| Working data |
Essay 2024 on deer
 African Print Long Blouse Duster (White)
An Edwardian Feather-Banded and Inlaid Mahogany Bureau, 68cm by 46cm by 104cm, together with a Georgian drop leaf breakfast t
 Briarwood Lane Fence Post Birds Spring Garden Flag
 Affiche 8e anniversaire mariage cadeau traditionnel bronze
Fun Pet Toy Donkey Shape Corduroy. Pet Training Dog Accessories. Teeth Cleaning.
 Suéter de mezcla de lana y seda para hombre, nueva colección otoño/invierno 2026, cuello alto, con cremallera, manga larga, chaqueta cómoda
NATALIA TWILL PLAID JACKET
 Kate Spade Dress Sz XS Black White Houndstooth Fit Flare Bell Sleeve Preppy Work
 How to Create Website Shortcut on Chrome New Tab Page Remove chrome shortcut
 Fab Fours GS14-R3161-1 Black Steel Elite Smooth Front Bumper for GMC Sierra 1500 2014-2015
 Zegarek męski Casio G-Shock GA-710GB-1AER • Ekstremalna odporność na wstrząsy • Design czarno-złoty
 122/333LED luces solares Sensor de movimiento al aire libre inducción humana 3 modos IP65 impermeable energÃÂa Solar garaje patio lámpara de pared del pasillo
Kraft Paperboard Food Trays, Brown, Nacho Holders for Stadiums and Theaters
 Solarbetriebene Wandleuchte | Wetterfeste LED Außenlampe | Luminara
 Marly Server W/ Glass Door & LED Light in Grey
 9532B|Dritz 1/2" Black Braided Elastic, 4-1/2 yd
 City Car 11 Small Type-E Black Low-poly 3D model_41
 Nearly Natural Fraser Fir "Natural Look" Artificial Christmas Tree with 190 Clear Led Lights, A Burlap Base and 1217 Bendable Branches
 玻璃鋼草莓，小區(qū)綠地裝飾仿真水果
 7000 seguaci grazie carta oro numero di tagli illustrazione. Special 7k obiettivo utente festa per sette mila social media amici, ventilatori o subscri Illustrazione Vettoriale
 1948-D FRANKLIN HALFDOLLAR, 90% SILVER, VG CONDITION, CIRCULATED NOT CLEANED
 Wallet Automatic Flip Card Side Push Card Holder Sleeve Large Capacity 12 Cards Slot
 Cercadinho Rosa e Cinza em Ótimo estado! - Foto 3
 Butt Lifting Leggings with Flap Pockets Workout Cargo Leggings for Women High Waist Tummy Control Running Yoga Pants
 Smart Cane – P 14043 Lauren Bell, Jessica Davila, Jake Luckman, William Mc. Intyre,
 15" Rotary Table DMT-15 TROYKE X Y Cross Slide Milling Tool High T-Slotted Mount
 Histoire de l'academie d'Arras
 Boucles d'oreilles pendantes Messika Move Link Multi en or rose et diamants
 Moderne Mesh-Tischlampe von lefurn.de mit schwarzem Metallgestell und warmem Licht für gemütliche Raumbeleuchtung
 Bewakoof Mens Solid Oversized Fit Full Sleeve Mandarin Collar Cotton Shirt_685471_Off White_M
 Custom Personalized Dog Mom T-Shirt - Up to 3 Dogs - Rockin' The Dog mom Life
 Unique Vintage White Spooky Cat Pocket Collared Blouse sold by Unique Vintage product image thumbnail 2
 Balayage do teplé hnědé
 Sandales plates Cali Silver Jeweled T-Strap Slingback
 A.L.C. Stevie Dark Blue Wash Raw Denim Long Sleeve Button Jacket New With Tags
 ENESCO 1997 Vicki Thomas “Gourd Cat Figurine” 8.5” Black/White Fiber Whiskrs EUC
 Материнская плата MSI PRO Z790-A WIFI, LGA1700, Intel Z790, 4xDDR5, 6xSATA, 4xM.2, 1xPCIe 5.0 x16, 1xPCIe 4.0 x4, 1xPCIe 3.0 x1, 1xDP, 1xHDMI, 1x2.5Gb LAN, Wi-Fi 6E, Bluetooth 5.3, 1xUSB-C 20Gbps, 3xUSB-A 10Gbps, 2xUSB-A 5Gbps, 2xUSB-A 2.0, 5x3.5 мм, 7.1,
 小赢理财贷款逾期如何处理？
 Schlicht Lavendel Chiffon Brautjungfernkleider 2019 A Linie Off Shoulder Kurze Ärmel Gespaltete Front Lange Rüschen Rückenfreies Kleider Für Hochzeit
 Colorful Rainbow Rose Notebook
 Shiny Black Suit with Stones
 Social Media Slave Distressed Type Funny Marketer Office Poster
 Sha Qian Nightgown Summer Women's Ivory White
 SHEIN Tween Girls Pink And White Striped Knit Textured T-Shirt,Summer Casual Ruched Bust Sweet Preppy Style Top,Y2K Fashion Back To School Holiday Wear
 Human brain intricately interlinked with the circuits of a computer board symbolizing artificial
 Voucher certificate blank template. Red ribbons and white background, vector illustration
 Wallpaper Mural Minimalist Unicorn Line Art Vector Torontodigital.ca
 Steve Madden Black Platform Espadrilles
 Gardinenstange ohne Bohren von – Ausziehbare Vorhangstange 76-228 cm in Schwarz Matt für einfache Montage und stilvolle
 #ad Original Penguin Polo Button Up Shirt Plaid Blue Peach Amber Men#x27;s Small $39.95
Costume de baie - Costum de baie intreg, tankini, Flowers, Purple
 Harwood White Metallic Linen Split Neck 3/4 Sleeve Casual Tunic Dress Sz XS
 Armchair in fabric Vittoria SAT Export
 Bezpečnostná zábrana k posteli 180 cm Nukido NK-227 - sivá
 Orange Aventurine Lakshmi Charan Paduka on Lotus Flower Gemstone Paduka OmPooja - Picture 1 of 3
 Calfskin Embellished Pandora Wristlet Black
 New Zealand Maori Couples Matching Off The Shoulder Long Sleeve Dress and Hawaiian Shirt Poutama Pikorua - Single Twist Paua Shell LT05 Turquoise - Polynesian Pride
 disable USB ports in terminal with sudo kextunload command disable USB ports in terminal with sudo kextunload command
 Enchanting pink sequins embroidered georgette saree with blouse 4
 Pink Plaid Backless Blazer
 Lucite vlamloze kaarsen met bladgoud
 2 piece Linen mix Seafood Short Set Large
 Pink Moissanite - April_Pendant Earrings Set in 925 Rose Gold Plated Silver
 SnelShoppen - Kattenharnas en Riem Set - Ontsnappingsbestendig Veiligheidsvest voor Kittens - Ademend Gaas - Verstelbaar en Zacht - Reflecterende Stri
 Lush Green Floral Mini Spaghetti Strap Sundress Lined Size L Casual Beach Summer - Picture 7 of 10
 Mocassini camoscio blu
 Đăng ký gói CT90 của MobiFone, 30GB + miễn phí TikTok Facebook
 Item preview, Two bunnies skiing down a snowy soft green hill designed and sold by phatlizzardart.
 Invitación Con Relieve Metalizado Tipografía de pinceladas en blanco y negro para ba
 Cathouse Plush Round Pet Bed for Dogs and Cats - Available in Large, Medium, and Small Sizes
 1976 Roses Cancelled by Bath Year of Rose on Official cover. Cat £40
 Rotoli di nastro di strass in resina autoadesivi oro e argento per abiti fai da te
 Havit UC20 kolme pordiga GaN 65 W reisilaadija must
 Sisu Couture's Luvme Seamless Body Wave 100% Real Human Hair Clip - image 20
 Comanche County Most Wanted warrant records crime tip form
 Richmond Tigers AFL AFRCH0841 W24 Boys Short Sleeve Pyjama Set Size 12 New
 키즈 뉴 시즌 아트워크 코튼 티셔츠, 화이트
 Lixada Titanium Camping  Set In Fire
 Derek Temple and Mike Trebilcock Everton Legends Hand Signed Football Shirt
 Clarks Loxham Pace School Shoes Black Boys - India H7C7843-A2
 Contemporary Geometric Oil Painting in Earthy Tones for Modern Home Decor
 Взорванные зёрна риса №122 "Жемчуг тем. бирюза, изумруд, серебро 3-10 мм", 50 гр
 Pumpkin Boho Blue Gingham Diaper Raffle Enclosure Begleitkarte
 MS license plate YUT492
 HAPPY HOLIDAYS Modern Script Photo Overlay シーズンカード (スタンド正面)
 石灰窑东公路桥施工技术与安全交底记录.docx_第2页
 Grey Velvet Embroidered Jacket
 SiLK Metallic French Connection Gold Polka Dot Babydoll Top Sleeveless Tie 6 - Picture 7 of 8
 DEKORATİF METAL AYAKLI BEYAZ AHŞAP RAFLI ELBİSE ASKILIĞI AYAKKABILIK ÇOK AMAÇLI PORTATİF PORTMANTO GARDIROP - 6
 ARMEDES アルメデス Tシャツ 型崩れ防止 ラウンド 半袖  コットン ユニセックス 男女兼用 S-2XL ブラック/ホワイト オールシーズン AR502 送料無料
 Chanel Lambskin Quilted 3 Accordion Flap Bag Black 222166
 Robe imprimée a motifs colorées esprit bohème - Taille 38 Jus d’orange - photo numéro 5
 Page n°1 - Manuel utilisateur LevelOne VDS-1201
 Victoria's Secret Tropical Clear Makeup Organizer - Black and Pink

| How to complete this task |
Note every line of the records that holds the word "Metallic", and copy it.

| Output of the exercise |
 Harwood White Metallic Linen Split Neck 3/4 Sleeve Casual Tunic Dress Sz XS
 SiLK Metallic French Connection Gold Polka Dot Babydoll Top Sleeveless Tie 6 - Picture 7 of 8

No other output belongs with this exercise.